Song by Frock Destroyers

from the album Frock4Life
- Released: 31 October 2019
- Genre: Pop
- Length: 2:31
- Label: World of Wonder;
- Songwriters: Freddy Scott, Leland; Baga Chipz; Blu Hydrangea; Divina de Campo;
- Producers: Freddy Scott, Leland

= Break Up (Bye Bye) =

"Break Up (Bye Bye)" is a song recorded by British drag girl group the Frock Destroyers for the Girl Group Battle Royale challenge during their stint on the first series of the reality television competition, RuPaul's Drag Race UK. During the episode the contestants had to create girl groups to participate in the challenge; there were two versions of the song released, the first being by Divina de Campo, Baga Chipz and Blu Hydrangea. The alternate version was released by Filth Harmony, consisting of Drag Race UK winner The Vivienne, Cheryl Hole and Crystal, however the latter did not chart.
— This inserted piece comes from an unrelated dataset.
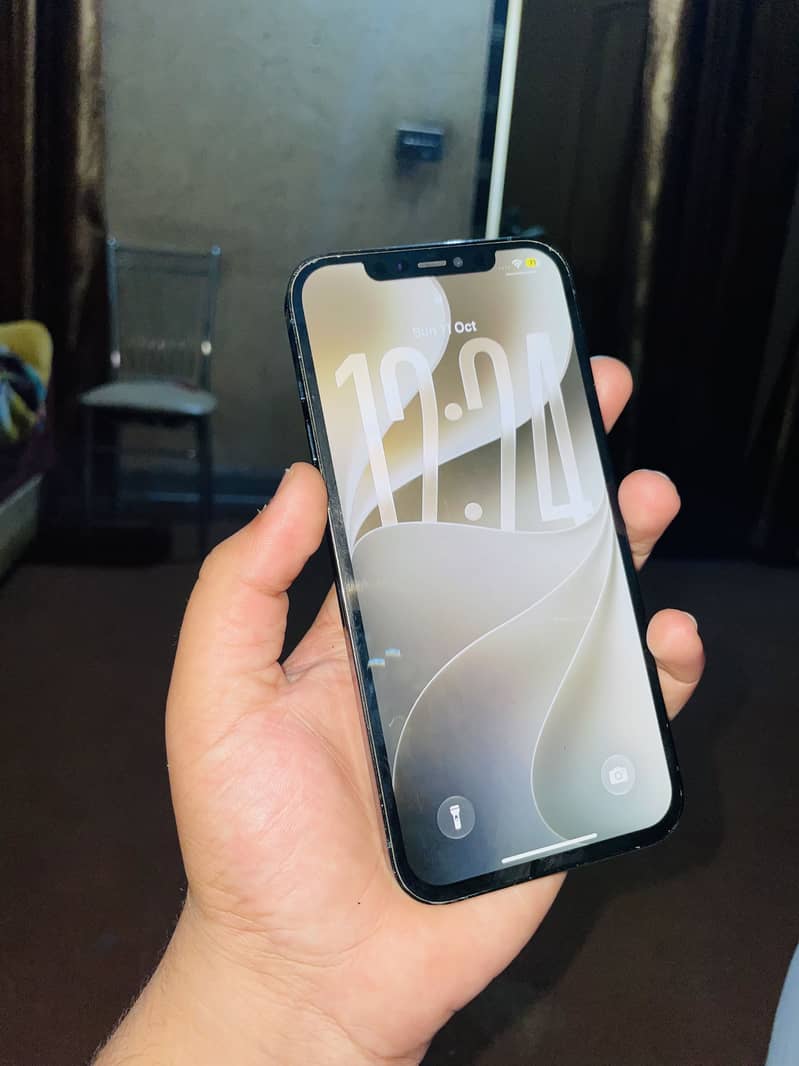 Apple iPhone 12 Pro Max 2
The song was released on 31 October 2019. The song was also included in the band's debut album, Frock4Life, which was released 11 December 2020. The song was primarily written by Leland and Freddy Scott with De Campo, Chipz and Hydrangea writing the lyrics for their individual verses.

Upon the release, the song proved an instant hit with the British viewers, charting at number 35 on the Official UK Charts, becoming the highest charting song by a drag queen, since RuPaul's "Supermodel (You Better Work)", until the following year when United Kingdolls released "UK Hun?" which charted at number 27.

==Background, composition and reception==
"Break Up Bye Bye" was originally performed by the Frock Destroyers during a girl group challenge on Drag Race, in which contestants were required to write and perform an original song. Lyrically, Baga Chipz alludes to anal sex in the song, which was written by Leland and Freddy Scott. MNEK served as a guest vocal coach during the girl group episode, with him also being credited as a producer. The pop anthem sees Divina de Campo sing "repeated whistle tone notes layered into the chorus".

==Live performances==
Following Drag Race, the Frock Destroyers embarked on a three-stop UK tour. Shows featuring individual and group performances were held at Powerhouse in Newcastle upon Tyne, Cruz 101 in Manchester and the Nightingale Club in Birmingham, during 17–19 November 2019. For Digital DragCon, an online event replacing RuPaul's DragCon LA in May 2020 because of the COVID-19 pandemic, Blu Hydrangea recreated the trio's performance of "Break Up Bye Bye" in isolation by impersonating Baga Chipz and Divina de Campo. Daniel Megarry of Gay Times complimented her work.

== Track listing ==

Digital download and streaming
- "Break Up (Bye Bye)" – 2:31
- "Break Up (Bye Bye)" (Much Betta remix) – 3:36
- "Break Up (Bye Bye)" (Rock remix) – 2:52

Vinyl
1. "Break Up (Bye Bye)"
2. "Break Up (Bye Bye)" (Much Betta remix)
3. "Break Up (Bye Bye)" (Markaholic remix)
4. "Break Up (Bye Bye)" (Freddy Scott remix)

==Chart performance==
After the girl group episode of Drag Race aired, "Break Up Bye Bye" peaked at number 35 on the UK Singles Chart and number 10 on The Official Big Top 40, becoming the highest chart position for a drag group. The song also prompted a petition for the Frock Destroyers to represent the United Kingdom in the Eurovision Song Contest to garner at least 10,000 signatures, while it peaked at number 44 on the Billboard Hot Dance/Electronic Songs chart in the United States.